Work order: Make an exact copy of every entry.

[Short text fragments from websites]
-------

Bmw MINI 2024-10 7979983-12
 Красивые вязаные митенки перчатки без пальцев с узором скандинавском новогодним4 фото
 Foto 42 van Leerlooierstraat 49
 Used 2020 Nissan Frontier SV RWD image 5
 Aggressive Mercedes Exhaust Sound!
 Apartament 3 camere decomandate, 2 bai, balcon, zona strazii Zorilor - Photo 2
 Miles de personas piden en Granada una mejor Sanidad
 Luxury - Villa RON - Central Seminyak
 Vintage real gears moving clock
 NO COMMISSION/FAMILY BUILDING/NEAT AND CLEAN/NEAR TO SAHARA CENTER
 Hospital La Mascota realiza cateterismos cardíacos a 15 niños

-------

Solution to the exercise:
Bmw MINI 2024-10 7979983-12
 Красивые вязаные митенки перчатки без пальцев с узором скандинавском новогодним4 фото
 Foto 42 van Leerlooierstraat 49
 Used 2020 Nissan Frontier SV RWD image 5
 Aggressive Mercedes Exhaust Sound!
 Apartament 3 camere decomandate, 2 bai, balcon, zona strazii Zorilor - Photo 2
 Miles de personas piden en Granada una mejor Sanidad
 Luxury - Villa RON - Central Seminyak
 Vintage real gears moving clock
 NO COMMISSION/FAMILY BUILDING/NEAT AND CLEAN/NEAR TO SAHARA CENTER
 Hospital La Mascota realiza cateterismos cardíacos a 15 niños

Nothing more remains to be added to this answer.